BEGIN DATA PROVIDED

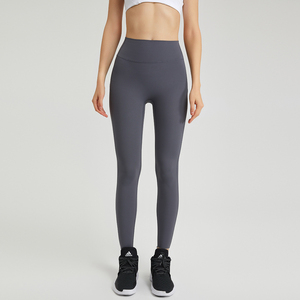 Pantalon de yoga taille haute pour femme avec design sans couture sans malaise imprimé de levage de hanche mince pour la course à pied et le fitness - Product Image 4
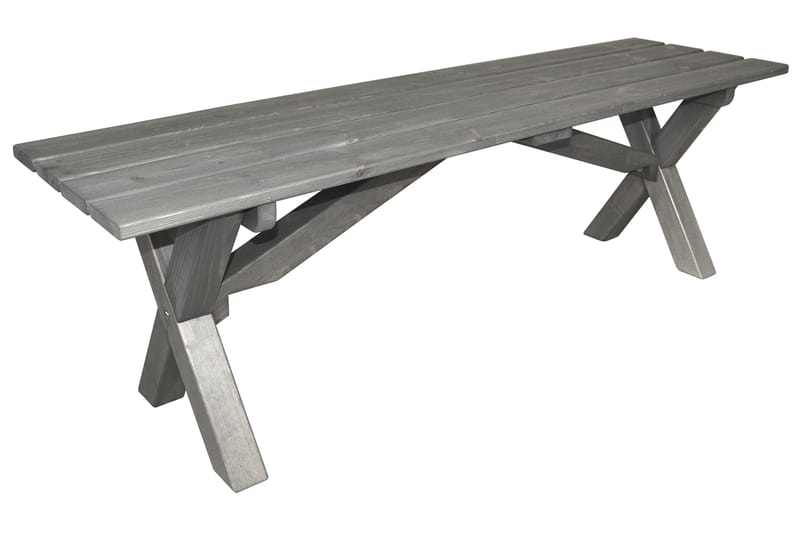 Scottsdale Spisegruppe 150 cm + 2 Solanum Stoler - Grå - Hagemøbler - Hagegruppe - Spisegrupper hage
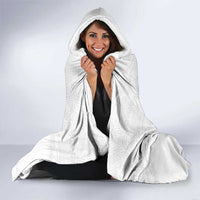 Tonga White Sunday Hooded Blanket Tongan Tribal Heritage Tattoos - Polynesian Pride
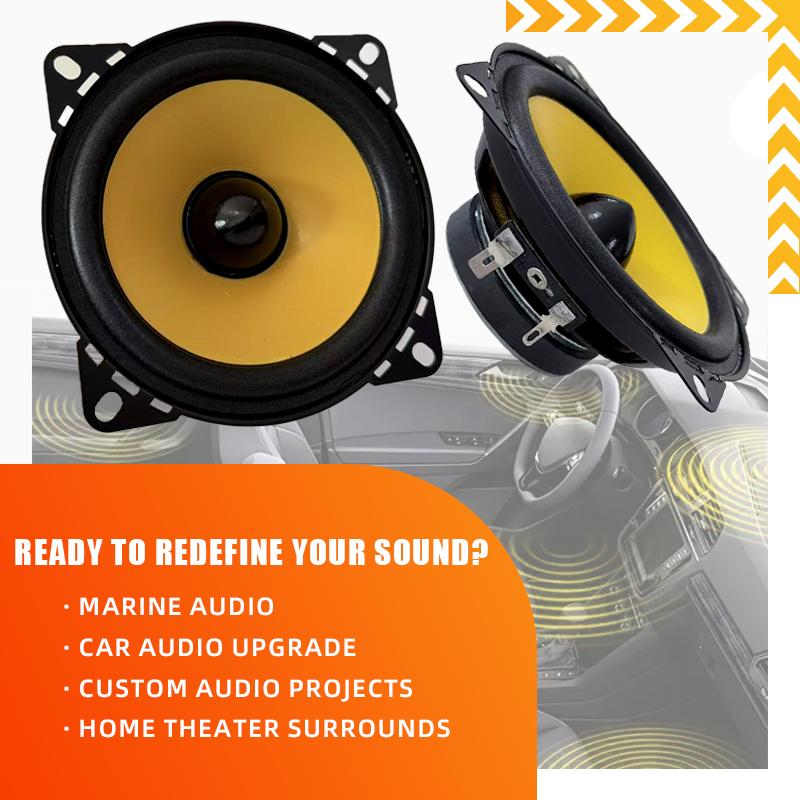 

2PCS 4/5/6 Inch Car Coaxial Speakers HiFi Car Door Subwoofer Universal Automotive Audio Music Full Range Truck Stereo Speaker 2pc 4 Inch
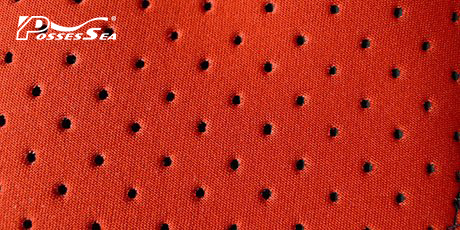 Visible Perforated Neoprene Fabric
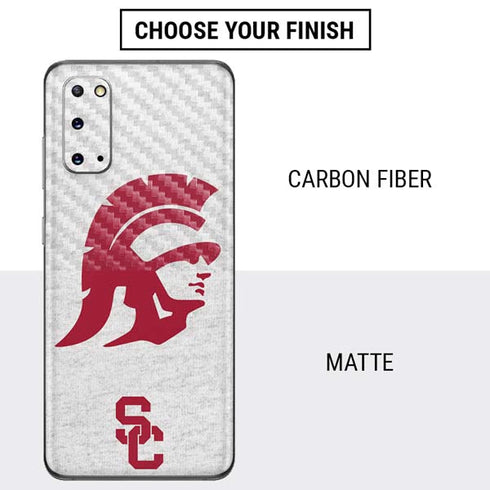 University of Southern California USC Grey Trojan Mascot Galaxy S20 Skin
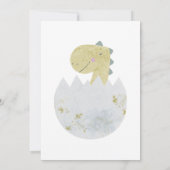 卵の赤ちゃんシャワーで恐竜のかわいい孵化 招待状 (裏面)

END DATA PROVIDED

AIM OF THE TASK: Print, exactly as written, the lines above from the first one to the one containing "Visible Perforated Neoprene Fabric". Leave out pictures.

RESPONSE:
 Pantalon de yoga taille haute pour femme avec design sans couture sans malaise imprimé de levage de hanche mince pour la course à pied et le fitness - Product Image 4
 Scottsdale Spisegruppe 150 cm + 2 Solanum Stoler - Grå - Hagemøbler - Hagegruppe - Spisegrupper hage
 Tonga White Sunday Hooded Blanket Tongan Tribal Heritage Tattoos - Polynesian Pride

2PCS 4/5/6 Inch Car Coaxial Speakers HiFi Car Door Subwoofer Universal Automotive Audio Music Full Range Truck Stereo Speaker 2pc 4 Inch
 Visible Perforated Neoprene Fabric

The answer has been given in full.